And who need national institutions when you have international institutions to take care of you? No offense to Asali, but it's not exactly impressive when you've been handed everything you've ever needed to succeed from birth and your only obligation is not to screw it up. But as he goes on to admit, the Palestinians have done exactly that.
"Every serious study of the Palestinian economy has noted the deeply onerous effects of the restrictions of the Israeli occupation. Without them, there is no question that Palestinians would be faring better....During the first Intifada that began 1987 and the second that began in 2000, education among Palestinians was significantly disrupted and has not yet fully recovered."We see this style of rewriting history a lot among Palestinian supporters. The intifadas "began" or "started" like tidal waves or maybe rockslides. They just sort of "happened," nobody started them! And if somebody did start them, it certainly wasn't us! We're always the victims, haven't you gotten the memo? So anyway after complaining about the occupation some more (ignoring the Palestinian refusal to end it) he moves on to Palestinian politics and then we have this:
"Over the past 30 years, the rise of religious fanaticism in some parts of Palestinian society, mirroring that in the broader Arab world as well as among Jewish Israelis, has also undermined healthy social, cultural and educational attitudes. However, such fanaticism does not define the Palestinian mainstream or essential national culture. To the contrary, most Palestinians, while devout and socially conservative, remain essentially secular and fundamentally worldly."Uh huh. Yeah, it wasn't just the Palestinians who became fundamentalists! Lots of people did, so it's no big deal right? Of course, it's not just "some parts" of Palestinian society when Hamas not only won the election, they also enjoy the support of 4 out of 5 Palestinians. So as much as Mr. Asali would like to compare his people to Israel, to do so he would have to lie. Sorry.
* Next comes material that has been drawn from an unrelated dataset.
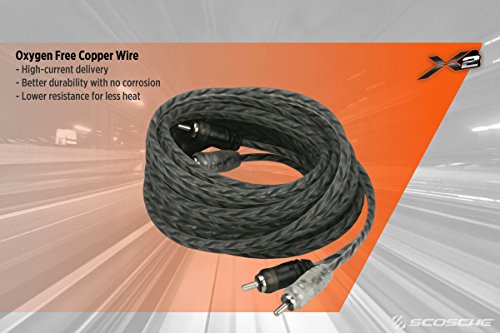 [Australia - AusPower] - SCOSCHE X2R12 12ft Twisted Pair Audio Cable 12ft Cable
So let's not linger, so we'll finish with his usual whine fest:
"Palestinians are no better or worse than any other group of human beings. They've reacted to a series of harsh developments over the past century much as any other group of people probably would have. As long as they remain without a country in which they can be first class citizens, this will continue to hamper their economic viability and stunt the development of their society and institutions. Palestinians deserve the opportunity they've been denied for so long, to build their own state and develop their culture in independence and freedom."Sounds good. You just let me know when they are ready to stop complaining and killing and start actually working for peace, okay? Until then, stick to the Huffington Post.